Source information START
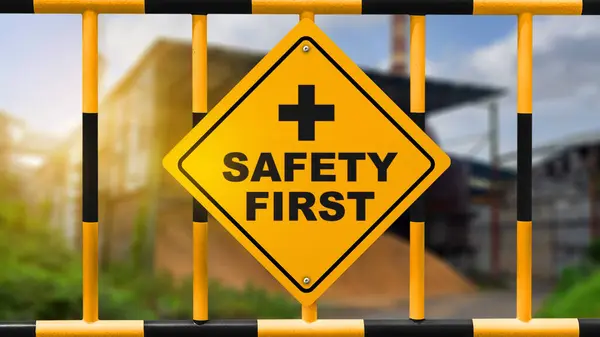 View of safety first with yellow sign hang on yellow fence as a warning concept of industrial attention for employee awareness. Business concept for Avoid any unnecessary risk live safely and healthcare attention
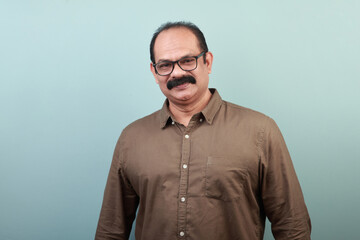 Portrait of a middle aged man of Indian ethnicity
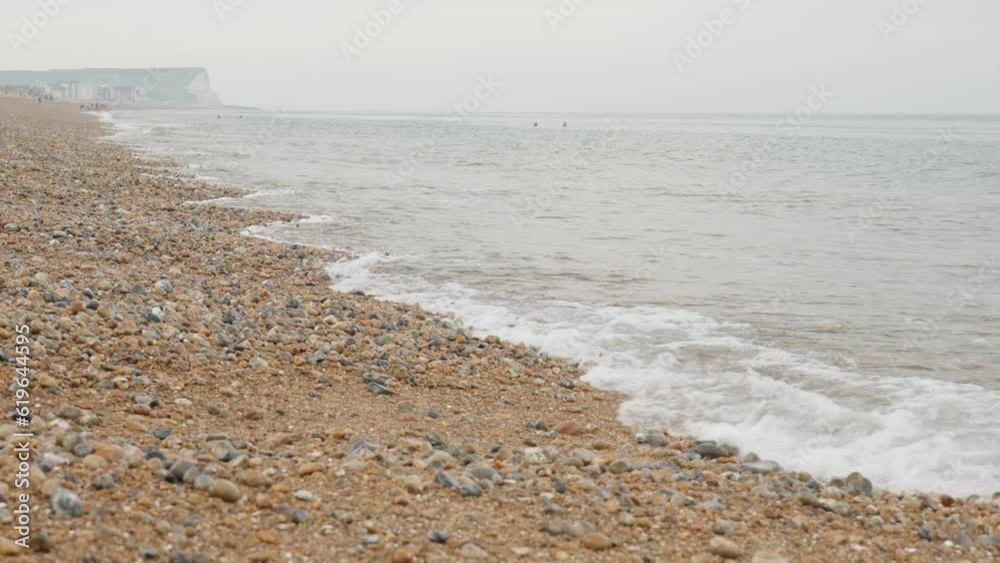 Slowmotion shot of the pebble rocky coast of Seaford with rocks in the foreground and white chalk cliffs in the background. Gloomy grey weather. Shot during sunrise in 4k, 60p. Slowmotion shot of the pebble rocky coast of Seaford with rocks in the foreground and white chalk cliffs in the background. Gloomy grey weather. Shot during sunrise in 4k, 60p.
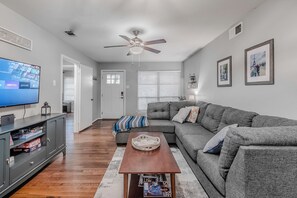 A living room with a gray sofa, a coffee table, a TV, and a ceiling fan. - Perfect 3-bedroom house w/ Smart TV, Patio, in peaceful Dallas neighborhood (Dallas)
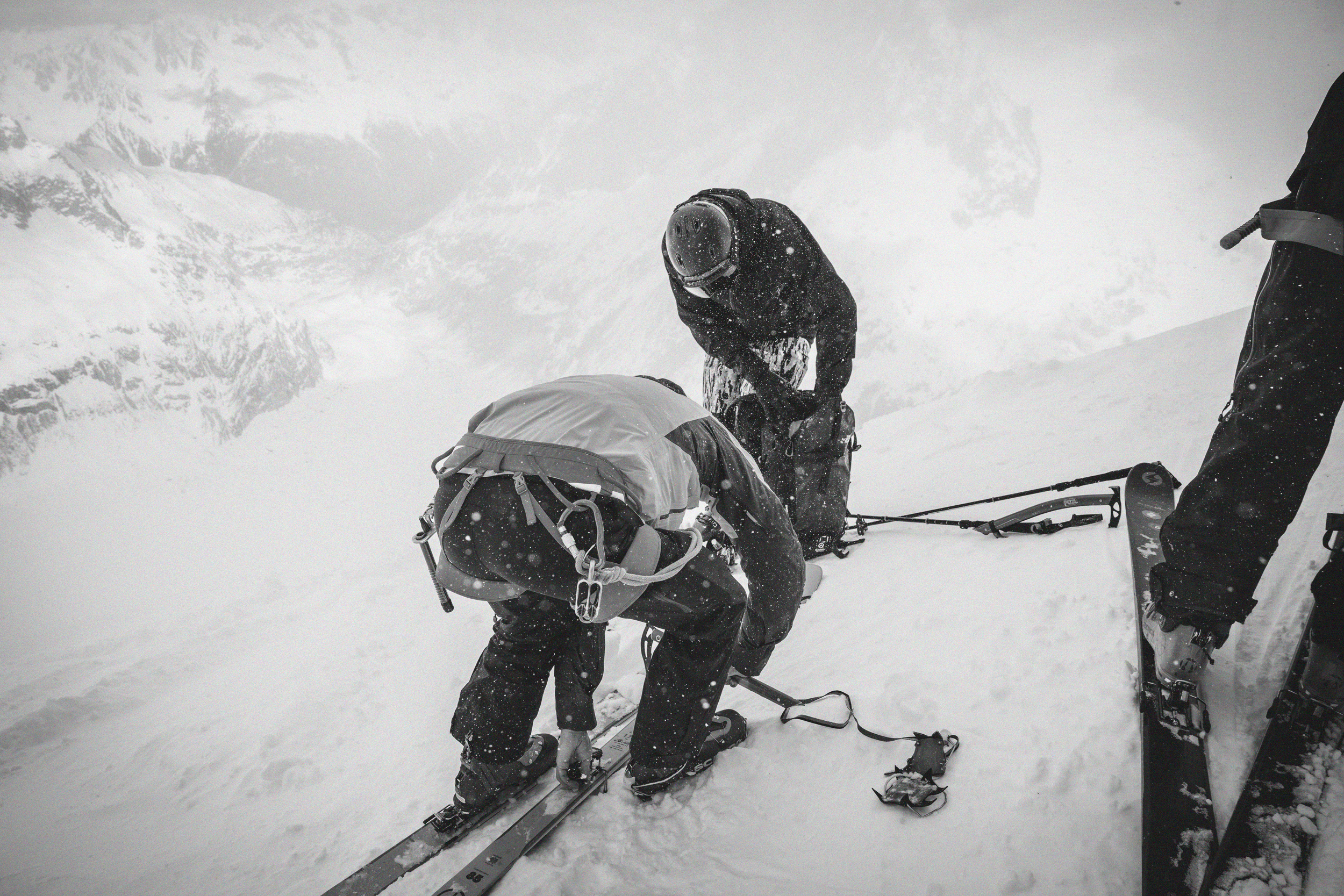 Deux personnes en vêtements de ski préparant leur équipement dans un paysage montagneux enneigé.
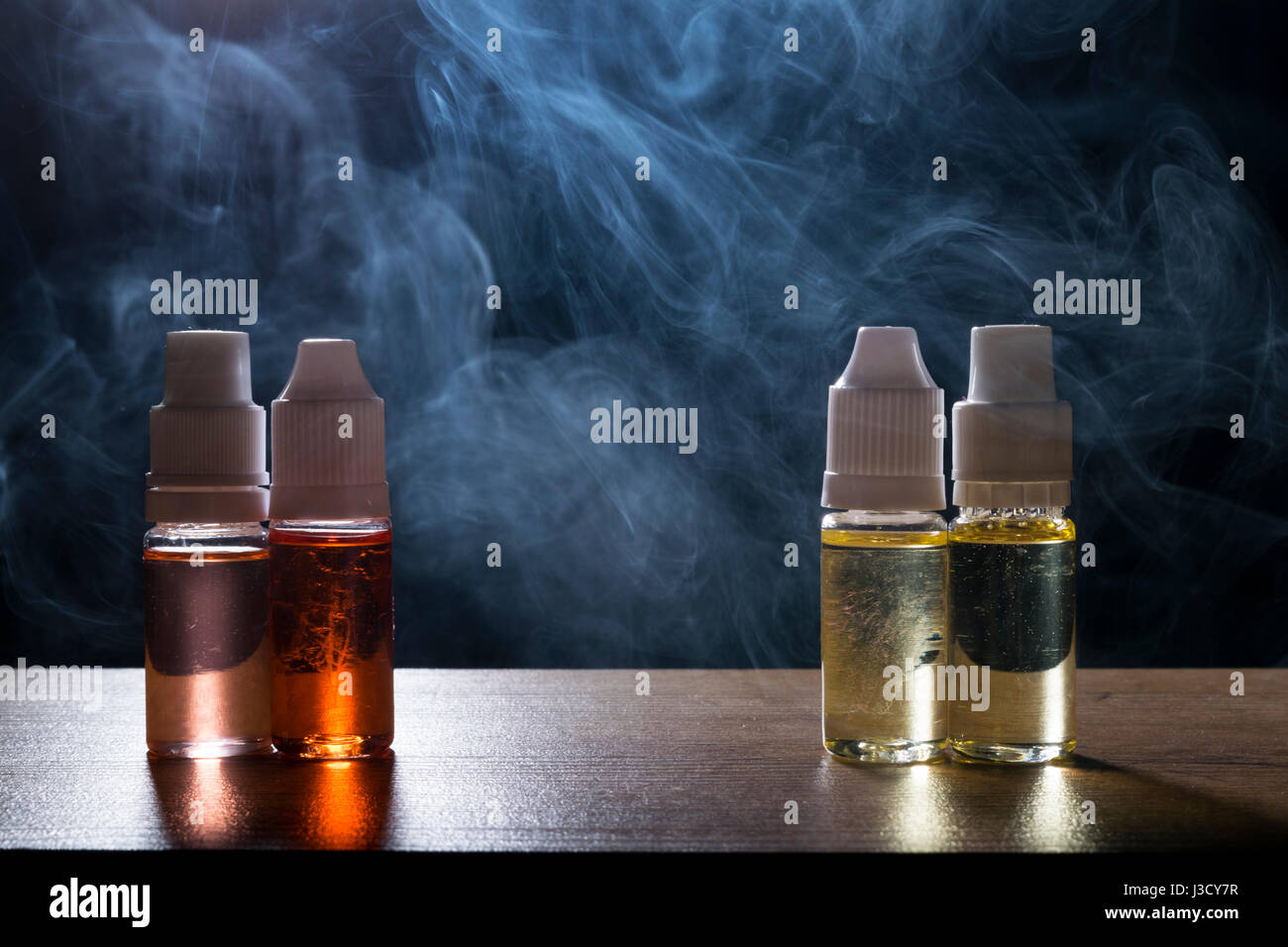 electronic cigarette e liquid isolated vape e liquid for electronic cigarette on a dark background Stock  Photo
Source information END
Your task
Return each record above as it stands. Pictures stay out.

Solution for this exercise
 View of safety first with yellow sign hang on yellow fence as a warning concept of industrial attention for employee awareness. Business concept for Avoid any unnecessary risk live safely and healthcare attention
 Portrait of a middle aged man of Indian ethnicity
 Slowmotion shot of the pebble rocky coast of Seaford with rocks in the foreground and white chalk cliffs in the background. Gloomy grey weather. Shot during sunrise in 4k, 60p. Slowmotion shot of the pebble rocky coast of Seaford with rocks in the foreground and white chalk cliffs in the background. Gloomy grey weather. Shot during sunrise in 4k, 60p.
 A living room with a gray sofa, a coffee table, a TV, and a ceiling fan. - Perfect 3-bedroom house w/ Smart TV, Patio, in peaceful Dallas neighborhood (Dallas)
 Deux personnes en vêtements de ski préparant leur équipement dans un paysage montagneux enneigé.
 electronic cigarette e liquid isolated vape e liquid for electronic cigarette on a dark background Stock  Photo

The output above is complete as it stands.